• **Raw data**
= = = = =

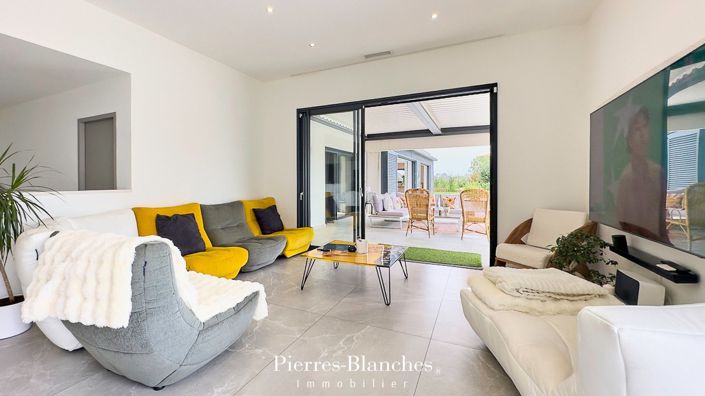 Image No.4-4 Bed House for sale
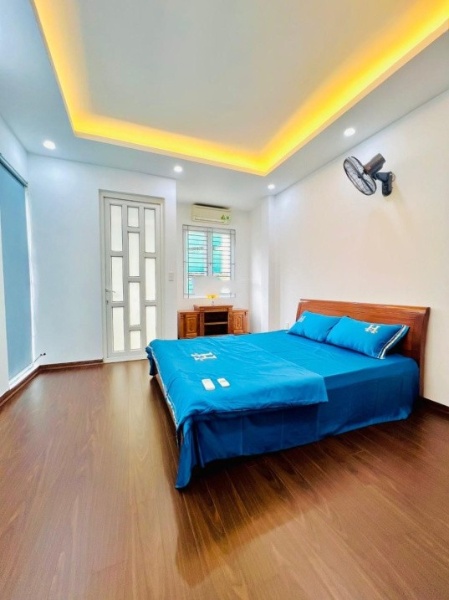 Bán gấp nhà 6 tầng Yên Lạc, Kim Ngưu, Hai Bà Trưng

= = = = =

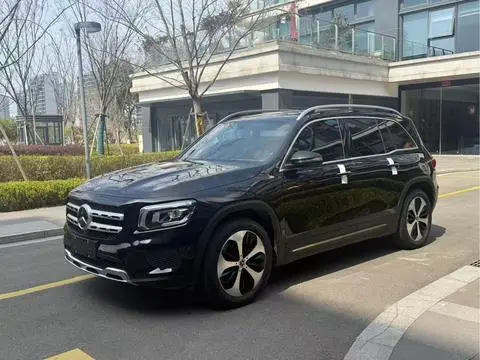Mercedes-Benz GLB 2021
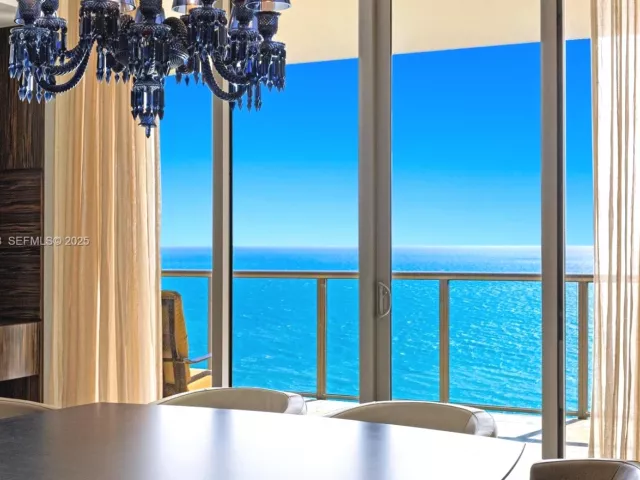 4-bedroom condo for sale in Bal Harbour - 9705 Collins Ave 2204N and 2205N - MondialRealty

= = = = =

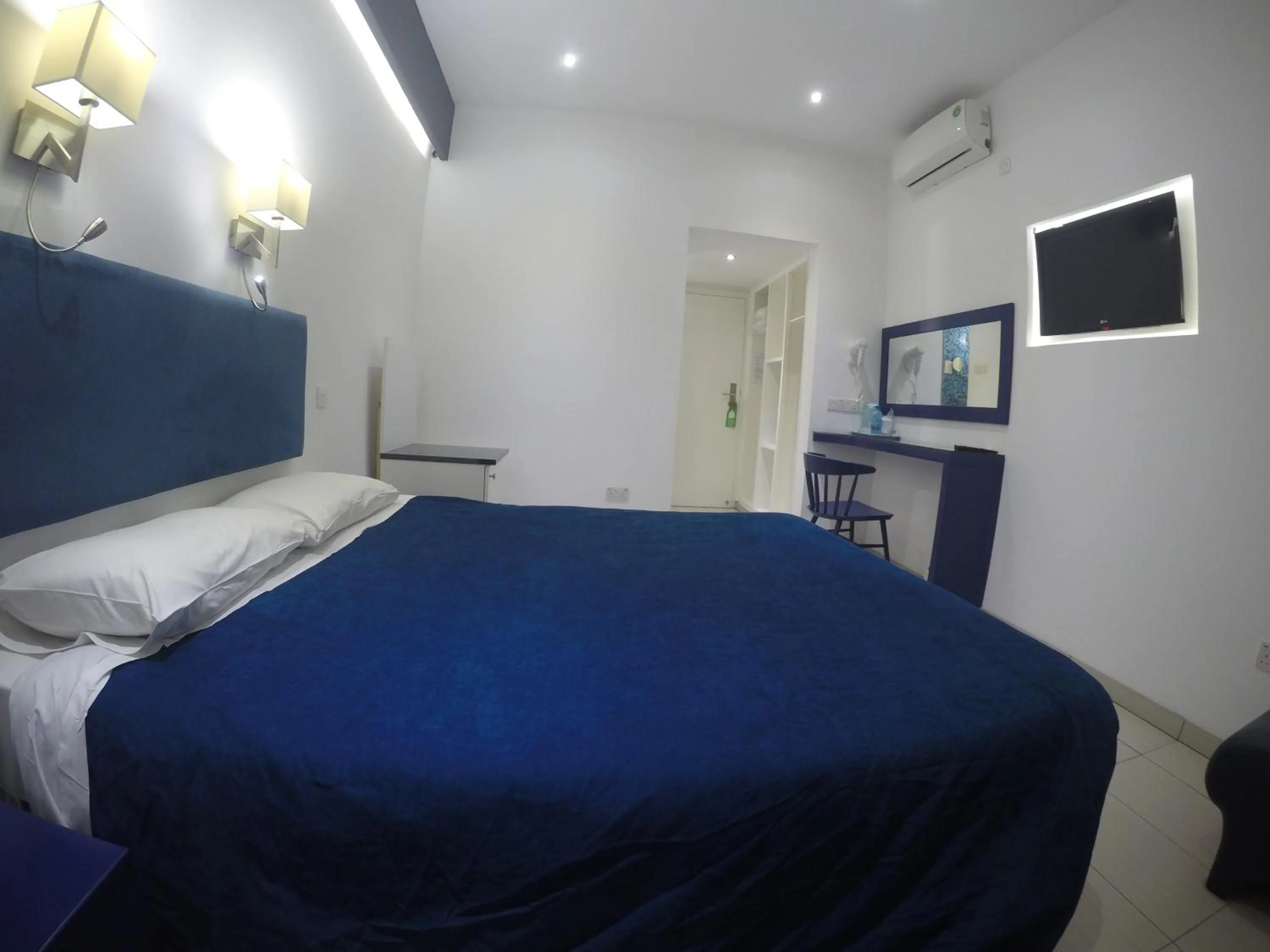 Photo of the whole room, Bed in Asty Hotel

= = = = =

• **Problem details**
Print, word for word, the lines above that run from the line containing "Image No.4-4 Bed House for sale" to the line containing "Bán gấp nhà", both included. Keep the pictures out.

• **Response for this exercise**
 Image No.4-4 Bed House for sale
 Bán gấp nhà 6 tầng Yên Lạc, Kim Ngưu, Hai Bà Trưng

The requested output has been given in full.